Namun demikian, hukum bukanlah satu-satunya kontrol sosial. Di Indonesia yang masyarakatnya majemuk, kontrol sosial juga dilakukan lewat pranata sosial lain, seperti agama, adat, dan kebiasaan. Misalnya, di beberapa daerah, pelanggaran norma adat bisa dikenai sanksi sosial yang berat, meskipun secara hukum negara tidak dianggap sebagai pelanggaran. Ini menunjukkan bahwa hukum dan norma sosial saling melengkapi.
Tapi, apakah hukum selalu efektif sebagai alat kontrol sosial?
Sayangnya tidak selalu. Dalam kenyataannya, kami menemukan beberapa faktor penghambat yang membuat fungsi hukum sebagai kontrol sosial menjadi tidak maksimal. Pertama, adalah kehendak bebas manusia. Meski sudah ada hukum, pelanggaran seperti korupsi, perampokan, bahkan kejahatan siber tetap terjadi. Ini menunjukkan bahwa hukum hanya bisa mengatur perilaku lahiriah, tetapi tidak bisa menyentuh kesadaran atau moralitas seseorang secara utuh.

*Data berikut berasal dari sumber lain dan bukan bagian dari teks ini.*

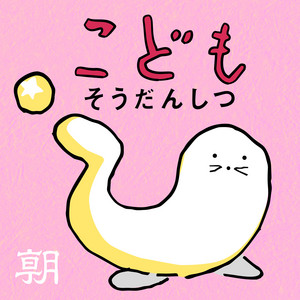 Cover: こどもそうだんしつ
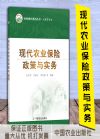 现代农业保险政策与实务
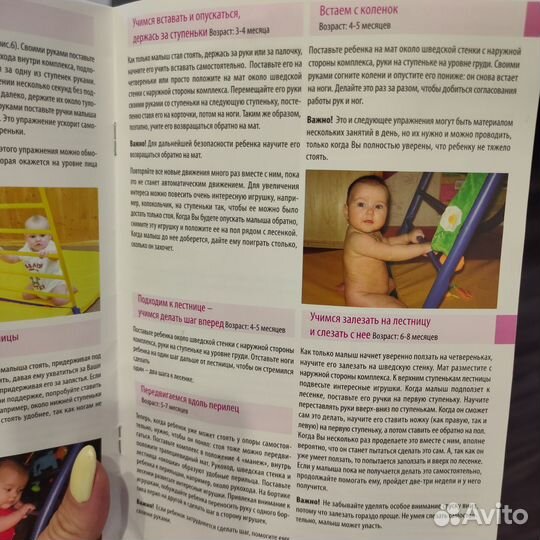 Спортивный уголок для детей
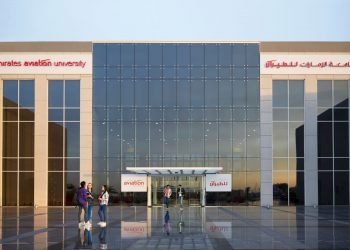 جامعة الإمارات للطيران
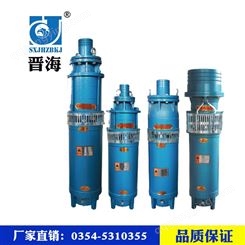 QS小型潜水电泵 晋海专业泵生产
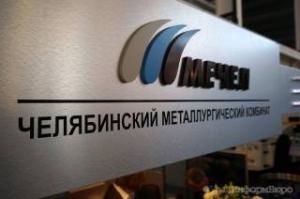 мечел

Kedua, penyalahgunaan kekuasaan atau yang biasa disebut oligarki hukum. Di banyak kasus, hukum justru dijadikan alat oleh segelintir elit untuk mempertahankan kepentingannya. Kita masih ingat bagaimana hukum pada masa Orde Baru seringkali hanya menguntungkan penguasa, dan bukan keadilan.
Ketiga, adalah penafsiran hukum yang tidak seragam. Dalam praktik peradilan, hakim bisa memiliki tafsir yang berbeda terhadap satu pasal hukum. Hal ini bisa menimbulkan ketidakpastian hukum, dan bahkan ketidakadilan.